The game was to have been staged July 13 in Atlanta. MLB actually executed a social justice double play by also yanking the baseball draft away from Georgia.
Rob Manfred, the commissioner of baseball (seen in file photo), framed the decision as the result of engaging in “thoughtful conversations with clubs, former and current players, the Players Association, and The Players Alliance, among others."
He then rung up Atlanta chances of keeping the game: "I have decided that the best way to demonstrate our values as a sport is by relocating this year's All-Star Game and MLB Draft.”
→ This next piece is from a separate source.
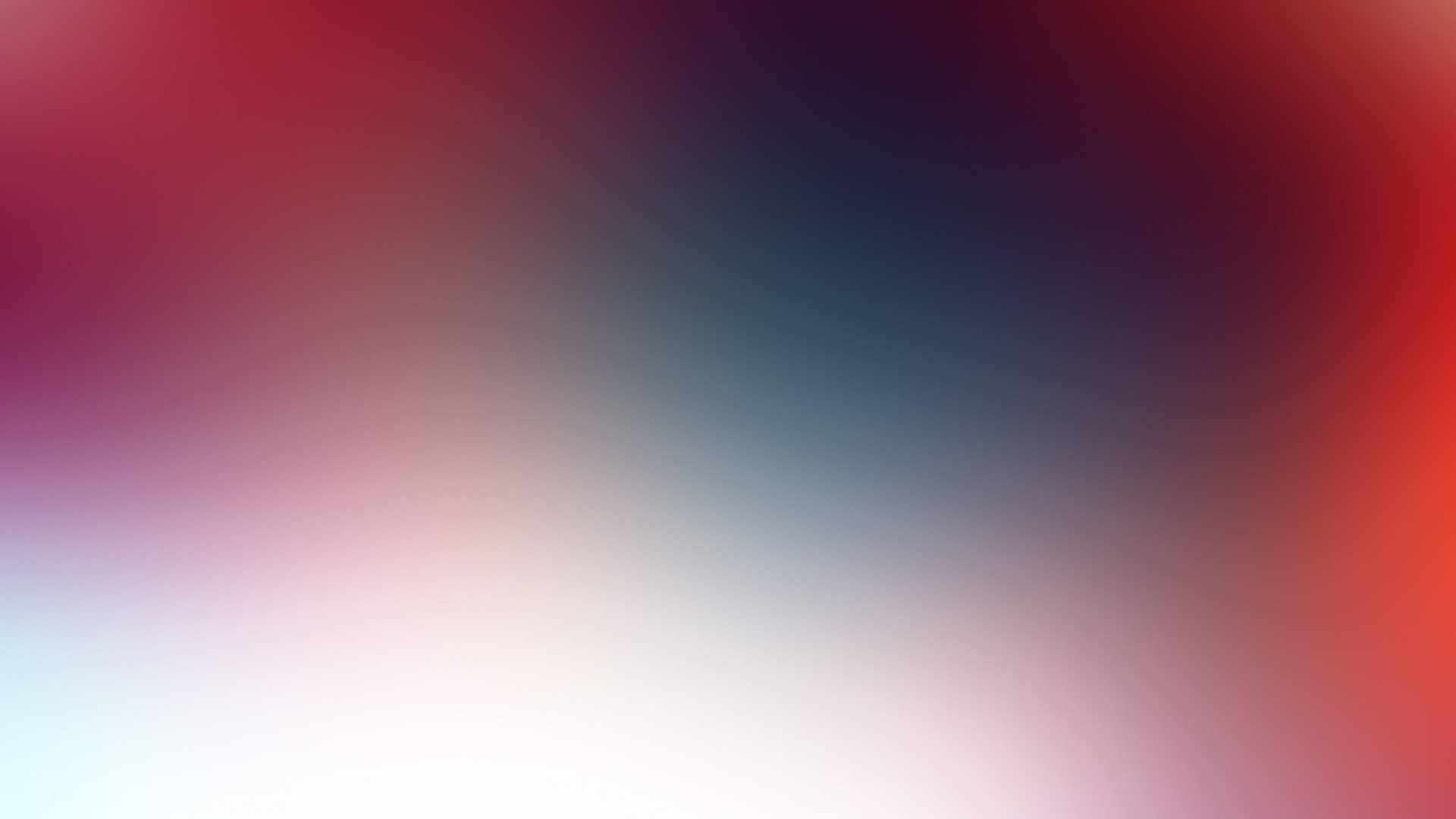 Sfocato, Rosso, Gradiente, Astratto, Full HD, sfondo per PC e portatile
What are those values? "Major League Baseball fundamentally supports voting rights for all Americans and opposes restrictions to the ballot box,” Manfred said.
MLB joined the so-called non-partisan Civic Alliance “to help build a future in which everyone participates in shaping the United States.” Baseball, he says, is giving “unwavering support” to fair access to voting. If that were truly the case, they wouldn't be opposing Georgia's new law.
Left-tilting sports media are heavily aligned with Major League Baseball’s harsh, politically partisan decision.
ESPN reported the Georgia bill was signed into law on March 25, with protestors outside the state Capitol calling it "Jim Crow 2.0."
James Wagner and Kevin Draper of The New York Times wrote that MLB delivered “the first major rebuke to the new Republican-backed elections law in Georgia that particularly curtails voting access in the state’s urban areas.”
Writing for CBS Sports, Dayn Perry said, “President Biden recently announced his support for such a decision by MLB. Prior to that, Players Association director Tony Clark told the Boston Globe that the baseball player’s union was ‘very much aware’ of the situation in Georgia and the potential optics of holding the All-Star Game in the state."
Deadspin’s Jesse Spector said MLB is generally not regarded as “progressive,” but Commissioner Manfred made the right move by stripping Atlanta of the game. He also suggested the Republican politics of certain baseball owners are part of the back story:
Part of the reason it’s a surprise for MLB to take such swift action is that many team owners in baseball, led by Charles Johnson of the Giants, have supported some of the politicians most connected with restricting voting rights, because that’s the way Republicans have decided they can best win elections, rather than coming up with policies that actually have broad appeal.
Similar can be said about Democrats trying to seize national control of elections with H.R. 1.
USA Today writer Gabe Laques went so far as to tie the punishing move by MLB to the George Floyd killing in 2020:
MLB’s removal of one of its jewel events – which this year will include the draft for the first time – comes after a year in which the COVID-19 pandemic and the killing of George Floyd by a Minneapolis police officer caused the sports industry to reconsider its influence within society.
Standing apart from the left-stream media groupthinkers, Outkick’s Clay Travis tweeted, “This is the worst decision baseball has made since the 1995 strike. Simply pathetic.”